| Task brief |
Beginning with the line that contains "Vintage inspired heels", retype the entries below exactly, ending with the line that contains "ЧЭ по футболу: пярнуский". Leave out any pictures.

| Records |
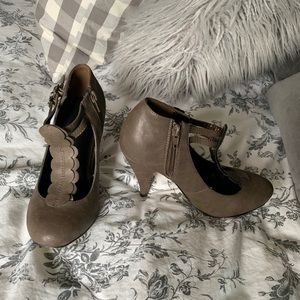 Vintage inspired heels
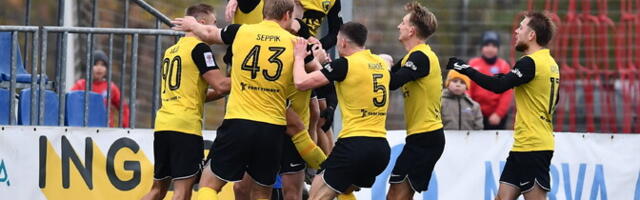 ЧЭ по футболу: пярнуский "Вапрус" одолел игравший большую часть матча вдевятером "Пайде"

---

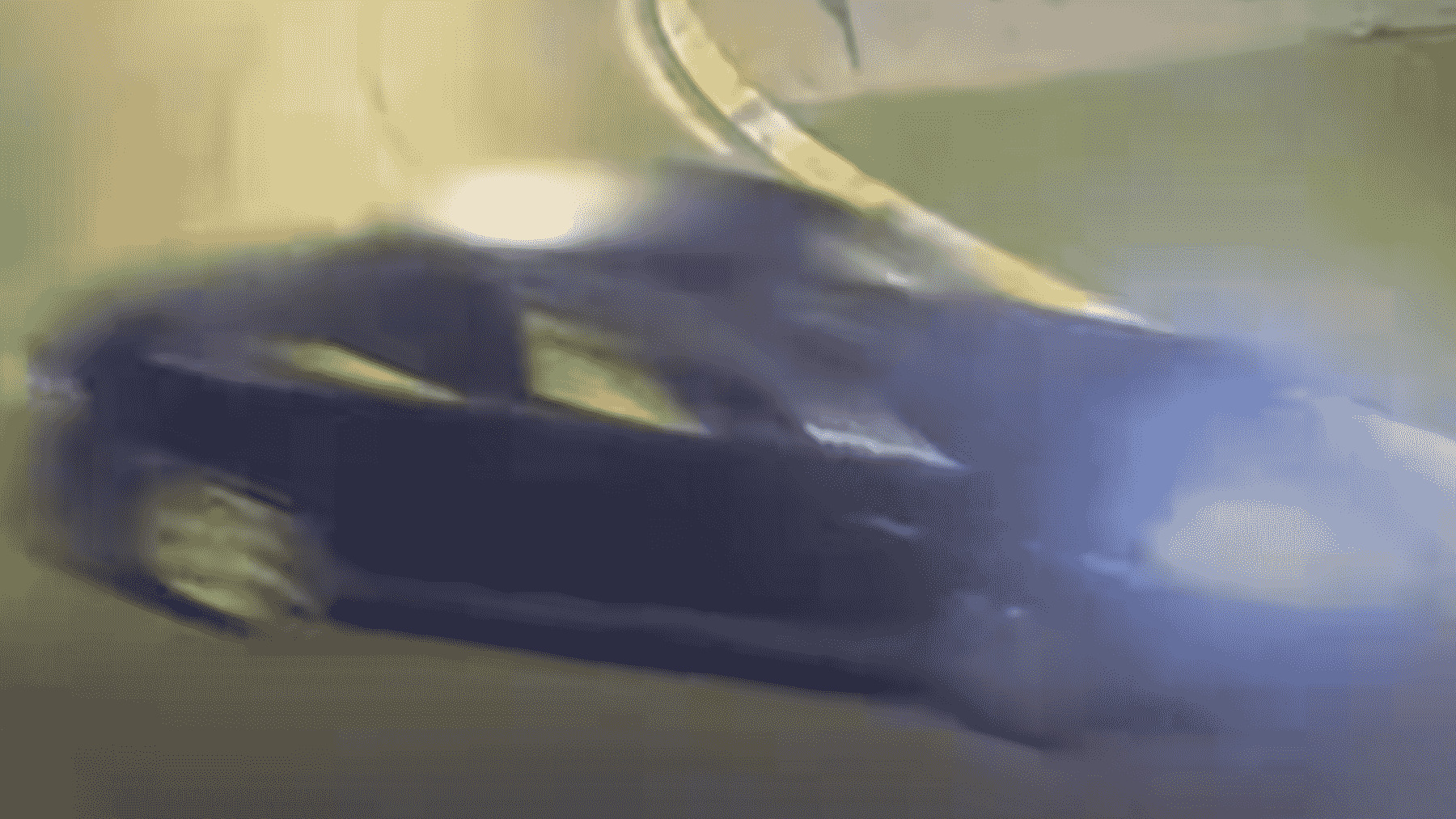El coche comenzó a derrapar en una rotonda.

| Result of this task |
 Vintage inspired heels
 ЧЭ по футболу: пярнуский "Вапрус" одолел игравший большую часть матча вдевятером "Пайде"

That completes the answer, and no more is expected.